> [Data extract]
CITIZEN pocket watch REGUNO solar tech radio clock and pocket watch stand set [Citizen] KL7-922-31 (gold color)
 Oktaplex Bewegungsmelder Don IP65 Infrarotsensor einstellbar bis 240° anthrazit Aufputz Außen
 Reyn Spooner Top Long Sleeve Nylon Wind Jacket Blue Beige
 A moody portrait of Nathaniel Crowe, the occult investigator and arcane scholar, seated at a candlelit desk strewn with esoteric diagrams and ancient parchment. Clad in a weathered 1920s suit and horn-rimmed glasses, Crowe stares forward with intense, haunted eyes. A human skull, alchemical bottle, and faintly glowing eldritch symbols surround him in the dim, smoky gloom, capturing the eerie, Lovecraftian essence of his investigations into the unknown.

> [Activity]
Give back exactly the lines running from the line containing "Oktaplex Bewegungsmelder Don" through the end of the material above, both included, and nothing beyond them.

> [Task output]
 Oktaplex Bewegungsmelder Don IP65 Infrarotsensor einstellbar bis 240° anthrazit Aufputz Außen
 Reyn Spooner Top Long Sleeve Nylon Wind Jacket Blue Beige
 A moody portrait of Nathaniel Crowe, the occult investigator and arcane scholar, seated at a candlelit desk strewn with esoteric diagrams and ancient parchment. Clad in a weathered 1920s suit and horn-rimmed glasses, Crowe stares forward with intense, haunted eyes. A human skull, alchemical bottle, and faintly glowing eldritch symbols surround him in the dim, smoky gloom, capturing the eerie, Lovecraftian essence of his investigations into the unknown.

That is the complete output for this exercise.